BEGIN Supplied data
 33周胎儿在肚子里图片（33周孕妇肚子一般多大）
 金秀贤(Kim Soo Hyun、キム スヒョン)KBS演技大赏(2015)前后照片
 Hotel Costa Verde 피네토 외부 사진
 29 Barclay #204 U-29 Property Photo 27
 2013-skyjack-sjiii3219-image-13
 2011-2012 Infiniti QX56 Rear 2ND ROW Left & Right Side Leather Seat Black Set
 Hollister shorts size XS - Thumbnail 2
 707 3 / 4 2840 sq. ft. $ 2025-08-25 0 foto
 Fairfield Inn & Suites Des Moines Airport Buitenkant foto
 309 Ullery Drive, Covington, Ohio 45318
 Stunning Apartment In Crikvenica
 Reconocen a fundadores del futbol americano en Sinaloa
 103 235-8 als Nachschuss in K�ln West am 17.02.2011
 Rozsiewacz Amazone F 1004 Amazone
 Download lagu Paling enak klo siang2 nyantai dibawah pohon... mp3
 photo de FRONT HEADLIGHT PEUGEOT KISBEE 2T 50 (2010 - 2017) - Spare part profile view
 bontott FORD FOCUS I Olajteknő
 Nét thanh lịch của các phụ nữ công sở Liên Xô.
END Supplied data
● Work to be completed
Output every line from the records, exactly as written.

● Solution to this problem
 33周胎儿在肚子里图片（33周孕妇肚子一般多大）
 金秀贤(Kim Soo Hyun、キム スヒョン)KBS演技大赏(2015)前后照片
 Hotel Costa Verde 피네토 외부 사진
 29 Barclay #204 U-29 Property Photo 27
 2013-skyjack-sjiii3219-image-13
 2011-2012 Infiniti QX56 Rear 2ND ROW Left & Right Side Leather Seat Black Set
 Hollister shorts size XS - Thumbnail 2
 707 3 / 4 2840 sq. ft. $ 2025-08-25 0 foto
 Fairfield Inn & Suites Des Moines Airport Buitenkant foto
 309 Ullery Drive, Covington, Ohio 45318
 Stunning Apartment In Crikvenica
 Reconocen a fundadores del futbol americano en Sinaloa
 103 235-8 als Nachschuss in K�ln West am 17.02.2011
 Rozsiewacz Amazone F 1004 Amazone
 Download lagu Paling enak klo siang2 nyantai dibawah pohon... mp3
 photo de FRONT HEADLIGHT PEUGEOT KISBEE 2T 50 (2010 - 2017) - Spare part profile view
 bontott FORD FOCUS I Olajteknő
 Nét thanh lịch của các phụ nữ công sở Liên Xô.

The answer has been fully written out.